I believe Nakayama lemma should be useful here, but I don't see how.

Please help.

Answer 1

There is always the natural antisymmetrization map $\iota_M:\bigwedge^2_R(M) \to M \otimes_R M$ given on elementary wedges by $m \wedge n \mapsto m \otimes n-n \otimes m$. Your statement (1) is then obviously equivalent to saying that $\iota_M$ is the $0$ map. Being $0$ is a local property, so it will suffice to show the claim when $(R,\mathfrak{m},k)$ is local. In particular, this reduces the claim to showing the following:

Suppose $(R,\mathfrak{m},k)$ is local. Then $\iota_M=0$ if and only if $M$ is cyclic.

Proof: The forward direction first: The map $\iota_{M \otimes_R k}$ is naturally identified with $\iota_M \otimes \operatorname{id}_k$. In particular, we have that $\iota_{M \otimes_R k}=0$, by hypothesis. But, $\iota_V$ is always injective when $V$ is a $k$-vector space; in fact, $\operatorname{id}_F$ is always injective when $F$ is a free $R$-module. I'll leave this as an exercise.

In particular, this means $\bigwedge^2_R(M \otimes_R k)=0$. But the vector space dimension of this module is always ${\dim_k(M \otimes_R k) \choose 2}={\mu_R(M) \choose 2}$, where $\mu_R(M)$ denotes the minimal number of generators of $M$. But this value can only be $0$ if $\mu_R(M) \le 1$, i.e., if $M$ is cyclic, and we have the forward direction.

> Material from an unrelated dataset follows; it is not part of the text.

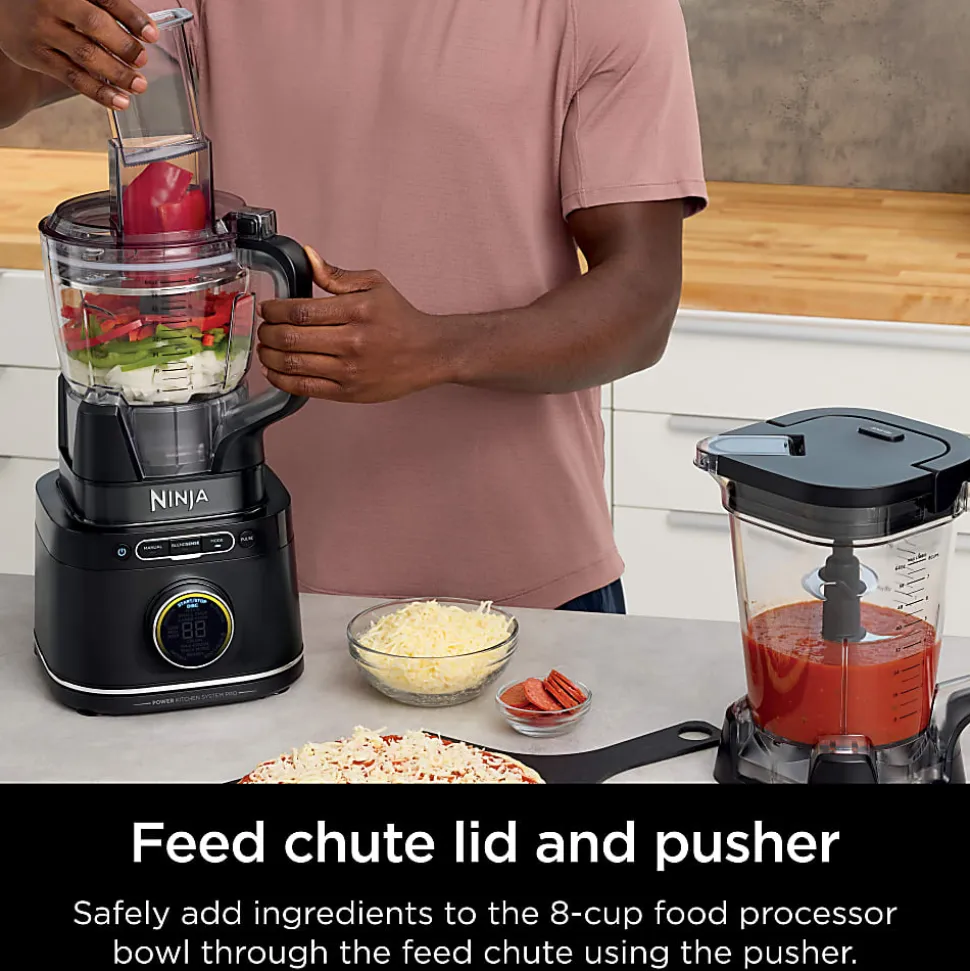 Ninja Detect Kitchen System Power Blender + Processor Pro With BlendSense Technology, Black, Total Qty 1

For the backwards direction, if $M$ is cyclic, then $\bigwedge^2_R(M)=0$ so $\iota_M$ is trivially $0$.

Answer 2

(2) implies (3) is obvious, and (3) implies (1) follows from the fact that (1) can be tested by something of the form $f=0$ for some map $f: M\otimes M\to M\otimes M$ which can be tested locally on maximal ideals.

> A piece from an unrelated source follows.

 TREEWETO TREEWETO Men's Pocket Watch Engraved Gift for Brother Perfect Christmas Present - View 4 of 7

So the only interesting bit is (1) implies (2). Clearly $M_\mathfrak p$ satisfies the same condition over $R_\mathfrak p$, so one way to phrase the question would be over a local ring : if $(R,\mathfrak m)$ is local and $M$ f.g. over $R$ satisfying the condition, then is it cyclic ?

Now clearly the property is true over fields, so perhaps one could try to use Nakayama lemma to lift the statement for fields to local rings : let $x_1,...,x_n$ be a generating family for $M$. Then they generate $M/\mathfrak m M$ which is $\leq 1$-dimensional by the property for fields ($R/\mathfrak m$ is a field).

Therefore there is $i$ such that $\overline{x_i}$ generates $M/\mathfrak mM$. But then the Nakayama lemma implies that $x_i$ generates $M$ : $M$ is cyclic.